The campaign is to establish a stable price and uniform quality for its exports by policing Japanese industry, encouraging manufacturers to design their own products. The idea is already showing results, though there are plenty of problems. The best Japanese transistor radios compete on even terms with RCA's--and $4,300,000 worth of them poured into U.S. markets in 1958's first six months. The one trouble is that so many fly-by-night Japanese companies are trying to hop aboard the gravy train that the Japanese Trade Ministry has been forced to lay down a check price of $14.95 for exports, refuse licenses to firms that price below it.

The same is true in cameras. Through the efforts of such topnotch firms as Nikon and Canon, whose cameras are cheaper and almost as good as the best German makes, Japan now enjoys a $6,800,000 export market in the U.S. The Japanese are convinced that it could be bigger still were it not for dozens of other camera makers, who get around export regulations by labeling their third-rate products "toys." Once Japanese businessmen winked at the practice. Today, it aggravates them so that Matsushita Electric Industries Co., Japan's biggest electrical-communications maker, withdrew from the U.S. transistor market "rather than lose face." Matsushita intends to launch a sales campaign, win U.S. consumer confidence by providing service for its radios.
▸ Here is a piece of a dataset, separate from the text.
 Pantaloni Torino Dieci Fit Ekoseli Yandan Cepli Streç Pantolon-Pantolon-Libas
Grand Prix. The efforts of the radio and camera men have encouraged other Japanese industries to follow suit. Says Koji Kato, director of Alps Shoji toy company: "Past experience shows that flimsy, cheap toys are the best way to lose a market. We are now working to make toys more durable, safer, and at the same time more advanced than foreign makes." U.S. Toymaker Louis Marx is giving the industry a hand, recently went to Japan with a plan to reorganize the entire Japanese toy industry by supplying U.S. technicians, leasing machines, supplying designs and working out a "division of labor" between Japanese and U.S. firms.

The prize to date goes to Japan's optical and sewing-machine industries. Optics last year accounted for more than $8,000,000 of exports to the U.S. and Hitachi, Ltd., Japan's biggest producer of electron microscopes recently walked off with the grand prix at the Brussels Fair. As for sewing machines, the payoff on quality was never better demonstrated than by Fukoku Machine Co. In the last several years it has taken the lion's share of a $21 million U.S. market for Japanese sewing-machine heads, is swamped with U.S. orders for a new zigzag machine head despite the fact that its price is considerably greater than that of rival companies.
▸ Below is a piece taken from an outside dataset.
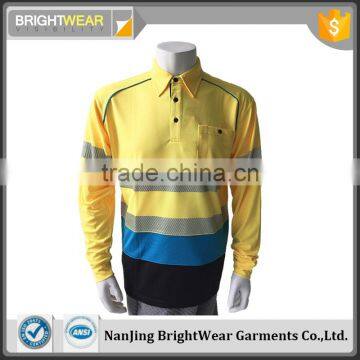 Hot sale hi vis contrast color 3M5510 segmented tape safety man reflective polo shirt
By the strangest of ironies, while Japan strives to improve its U.S. exports, a new rival is eating into other Japanese markets with the old Japanese strategy of cheap goods at rock-bottom prices. The rival: Communist China, which is dumping everything from canned goods to machinery in Southeast Asia at less-than-production prices--and having considerable success. In a "silent invasion," Red China pumped $102 million in merchandise into Hong Kong alone in the first half of 1958, a $3,400,000 increase over last year. Cotton prints go for 15-c- a yard, leather shoes for $1.50 per pair, frozen quail for 8-c- each, short-wave receiving sets for $17, umbrellas for 70-c-, violins for $5. Though quality is far inferior, low prices have also led Thailand, Singapore and Malaya to forgo Japanese goods for Chinese--much to the detriment and chagrin of Japan's businessmen.